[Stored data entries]
▬▬▬▬▬▬
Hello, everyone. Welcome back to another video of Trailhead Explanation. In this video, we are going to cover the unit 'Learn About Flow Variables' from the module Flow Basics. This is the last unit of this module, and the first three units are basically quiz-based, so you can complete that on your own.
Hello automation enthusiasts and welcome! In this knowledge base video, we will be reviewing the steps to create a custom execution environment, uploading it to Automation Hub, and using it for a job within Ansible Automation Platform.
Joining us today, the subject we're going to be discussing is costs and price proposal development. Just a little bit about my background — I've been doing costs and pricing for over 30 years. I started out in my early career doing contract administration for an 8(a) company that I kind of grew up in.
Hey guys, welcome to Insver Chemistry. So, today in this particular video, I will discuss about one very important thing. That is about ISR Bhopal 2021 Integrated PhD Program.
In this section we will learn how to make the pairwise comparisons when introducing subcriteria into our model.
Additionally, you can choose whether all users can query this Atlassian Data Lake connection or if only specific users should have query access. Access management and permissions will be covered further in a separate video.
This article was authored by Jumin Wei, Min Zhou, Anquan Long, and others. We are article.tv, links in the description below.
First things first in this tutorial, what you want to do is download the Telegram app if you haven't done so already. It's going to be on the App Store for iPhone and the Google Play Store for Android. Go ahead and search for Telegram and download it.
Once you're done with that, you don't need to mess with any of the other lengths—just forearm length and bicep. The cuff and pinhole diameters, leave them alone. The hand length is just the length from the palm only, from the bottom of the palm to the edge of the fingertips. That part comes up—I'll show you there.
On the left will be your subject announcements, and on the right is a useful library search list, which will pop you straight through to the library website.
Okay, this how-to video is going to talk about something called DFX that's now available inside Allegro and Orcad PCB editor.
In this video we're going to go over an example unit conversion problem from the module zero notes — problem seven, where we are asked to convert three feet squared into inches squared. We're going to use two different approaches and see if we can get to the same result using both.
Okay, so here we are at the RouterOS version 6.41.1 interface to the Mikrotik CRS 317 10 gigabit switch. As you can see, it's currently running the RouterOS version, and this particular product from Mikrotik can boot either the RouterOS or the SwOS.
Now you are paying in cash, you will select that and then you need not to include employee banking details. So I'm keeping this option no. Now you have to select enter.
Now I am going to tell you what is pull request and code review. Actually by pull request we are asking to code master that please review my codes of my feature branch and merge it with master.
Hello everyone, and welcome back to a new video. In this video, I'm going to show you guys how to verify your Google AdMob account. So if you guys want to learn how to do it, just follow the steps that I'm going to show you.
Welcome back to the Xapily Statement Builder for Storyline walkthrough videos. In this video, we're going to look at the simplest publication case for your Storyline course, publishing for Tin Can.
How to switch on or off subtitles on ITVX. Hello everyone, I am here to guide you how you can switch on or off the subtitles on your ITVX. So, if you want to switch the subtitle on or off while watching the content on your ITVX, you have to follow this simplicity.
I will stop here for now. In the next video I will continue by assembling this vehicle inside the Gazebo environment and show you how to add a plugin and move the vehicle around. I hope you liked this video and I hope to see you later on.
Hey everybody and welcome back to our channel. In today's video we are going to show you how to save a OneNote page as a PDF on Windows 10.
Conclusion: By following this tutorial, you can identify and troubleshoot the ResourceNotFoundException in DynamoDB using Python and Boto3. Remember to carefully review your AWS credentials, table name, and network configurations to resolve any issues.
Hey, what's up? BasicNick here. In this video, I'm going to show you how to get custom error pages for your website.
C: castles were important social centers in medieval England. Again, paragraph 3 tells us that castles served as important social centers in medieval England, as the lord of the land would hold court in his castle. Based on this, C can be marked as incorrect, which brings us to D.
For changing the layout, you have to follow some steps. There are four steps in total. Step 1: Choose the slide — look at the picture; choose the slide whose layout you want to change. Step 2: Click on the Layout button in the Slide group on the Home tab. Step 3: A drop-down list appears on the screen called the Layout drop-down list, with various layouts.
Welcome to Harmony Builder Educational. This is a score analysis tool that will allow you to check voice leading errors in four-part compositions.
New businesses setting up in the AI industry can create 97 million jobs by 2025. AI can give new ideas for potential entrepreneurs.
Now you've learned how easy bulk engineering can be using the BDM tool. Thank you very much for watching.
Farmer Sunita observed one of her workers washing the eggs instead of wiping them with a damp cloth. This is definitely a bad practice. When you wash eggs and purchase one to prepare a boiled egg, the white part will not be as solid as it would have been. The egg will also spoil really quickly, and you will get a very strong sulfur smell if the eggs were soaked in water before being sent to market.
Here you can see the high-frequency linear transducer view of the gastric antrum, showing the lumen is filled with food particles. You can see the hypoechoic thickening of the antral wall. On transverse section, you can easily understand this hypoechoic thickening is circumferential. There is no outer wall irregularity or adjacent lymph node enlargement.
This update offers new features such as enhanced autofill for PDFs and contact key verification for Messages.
▬▬▬▬▬▬
**Assignment**: What is needed is a verbatim copy of every line in the records above from the one containing "Joining us today, the" down to the one containing "This article was", both included, and nothing more.

**Solution for this exercise**:
Joining us today, the subject we're going to be discussing is costs and price proposal development. Just a little bit about my background — I've been doing costs and pricing for over 30 years. I started out in my early career doing contract administration for an 8(a) company that I kind of grew up in.
Hey guys, welcome to Insver Chemistry. So, today in this particular video, I will discuss about one very important thing. That is about ISR Bhopal 2021 Integrated PhD Program.
In this section we will learn how to make the pairwise comparisons when introducing subcriteria into our model.
Additionally, you can choose whether all users can query this Atlassian Data Lake connection or if only specific users should have query access. Access management and permissions will be covered further in a separate video.
This article was authored by Jumin Wei, Min Zhou, Anquan Long, and others. We are article.tv, links in the description below.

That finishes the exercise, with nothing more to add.